• Provided records:
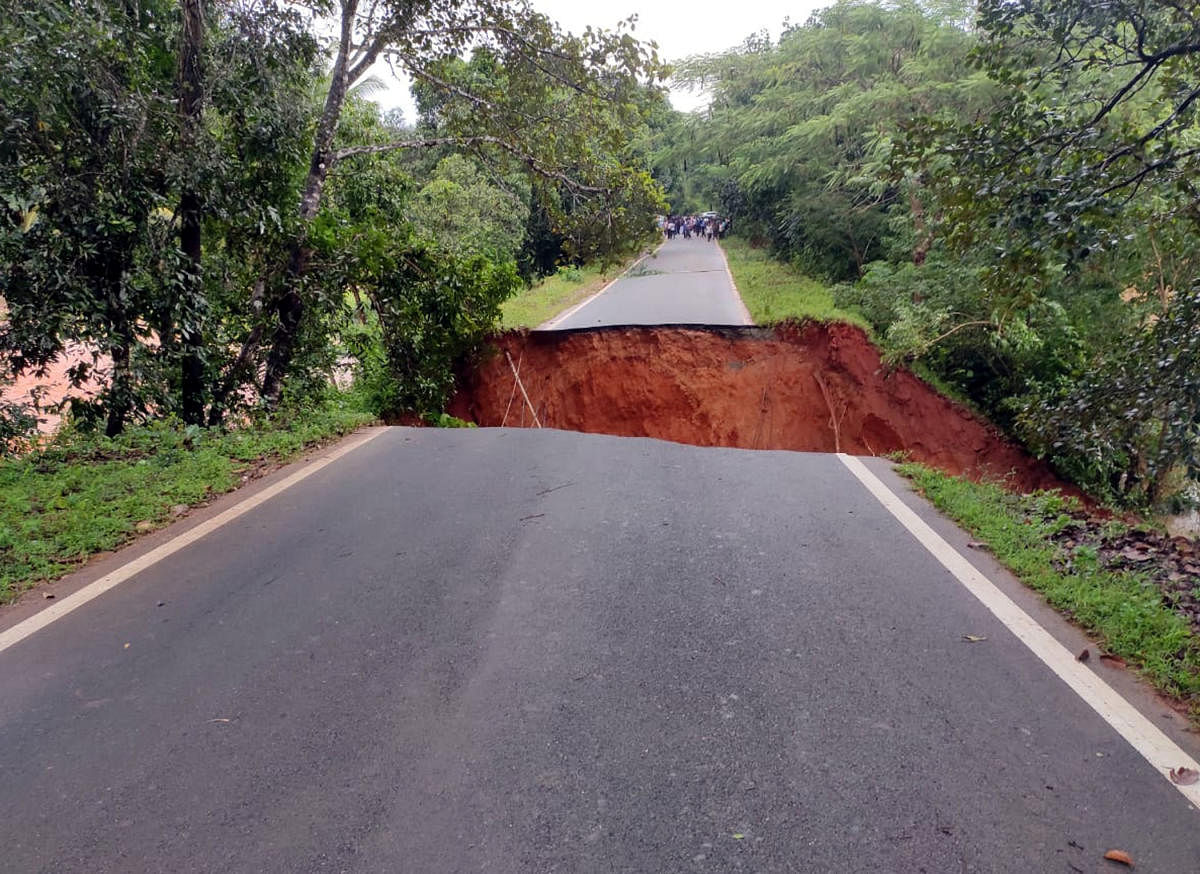 A road was washed away by flood waters of a stream at Doopadakatte in Bhairampalli Gram Panchayat in Kaup, Udupi district.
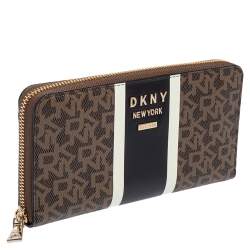 Pre Owned محفظة دي كي أن واي سحاب ملتف واتني كانفاس مقوى مميز بني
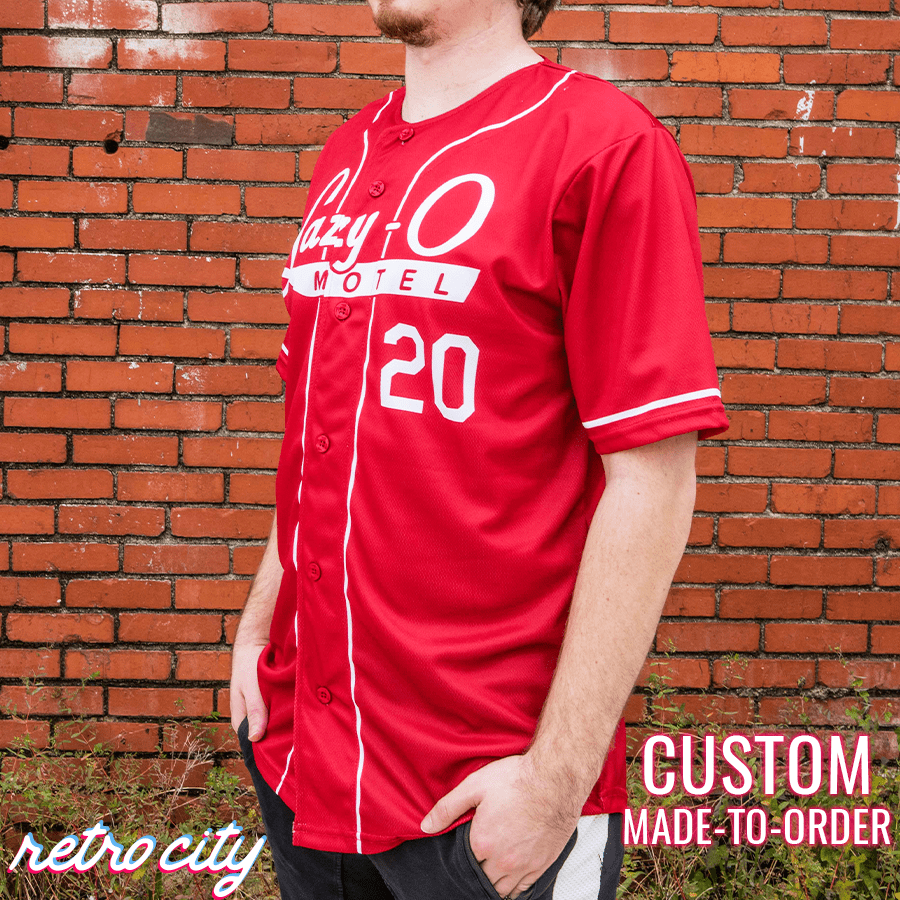 lazy-o motel ozark ruth langmore full-button baseball jersey (red)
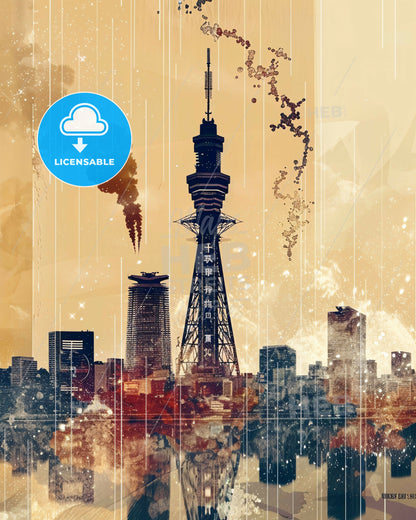 Osaka Skyline Beauty in Beige with Sparkles - A city with a tower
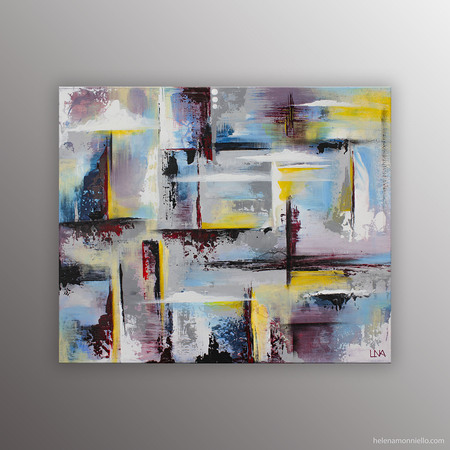 Peinture abstraite de l'artiste Helena Monniello qui évoque une traversée avec ses bateaux abstraits.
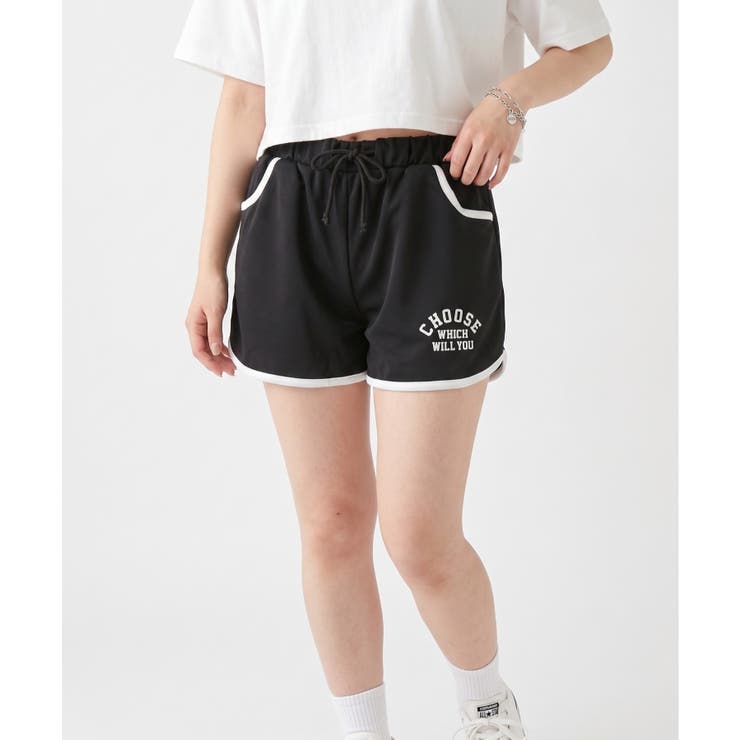 ブラック | ロゴサイドライン裏毛ショートパンツ | atONE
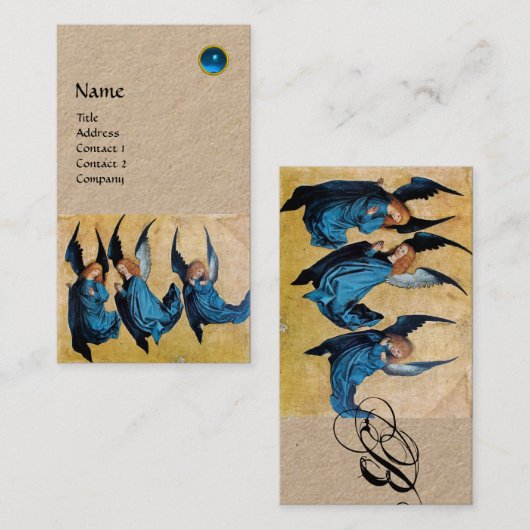 Carte De Visite TROIS ANGES MONOGRAMME, Blue Sapphire Kraft (Devant / Derrière)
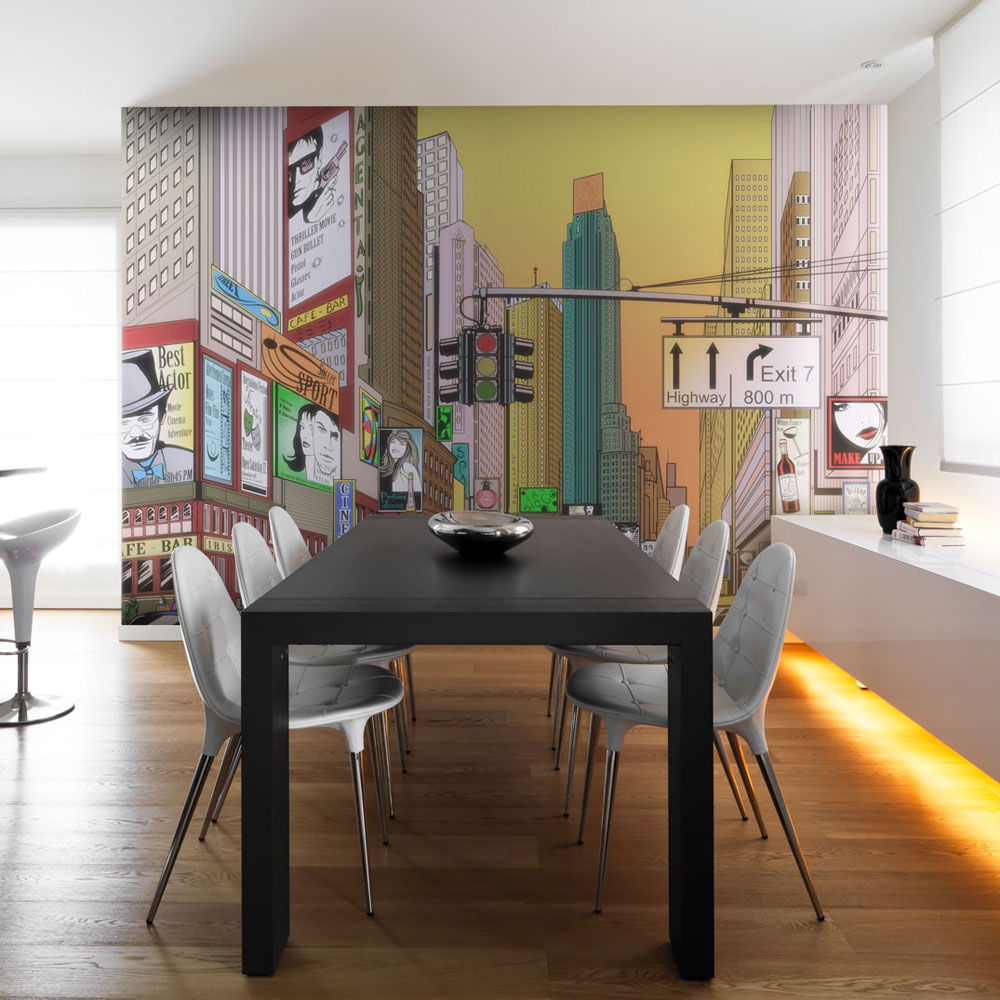 Multifarvet Artgeist Kunstnerisk Fototapet Myldretid New York Flere Størrelser 200x154 - Artgeist Tapet  - 5903143836749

• Brief: Each record above should be returned unchanged, except that the pictures are dropped.

• Exercise response:
 A road was washed away by flood waters of a stream at Doopadakatte in Bhairampalli Gram Panchayat in Kaup, Udupi district.
 Pre Owned محفظة دي كي أن واي سحاب ملتف واتني كانفاس مقوى مميز بني
 lazy-o motel ozark ruth langmore full-button baseball jersey (red)
 Osaka Skyline Beauty in Beige with Sparkles - A city with a tower
 Peinture abstraite de l'artiste Helena Monniello qui évoque une traversée avec ses bateaux abstraits.
 ブラック | ロゴサイドライン裏毛ショートパンツ | atONE
 Carte De Visite TROIS ANGES MONOGRAMME, Blue Sapphire Kraft (Devant / Derrière)
 Multifarvet Artgeist Kunstnerisk Fototapet Myldretid New York Flere Størrelser 200x154 - Artgeist Tapet  - 5903143836749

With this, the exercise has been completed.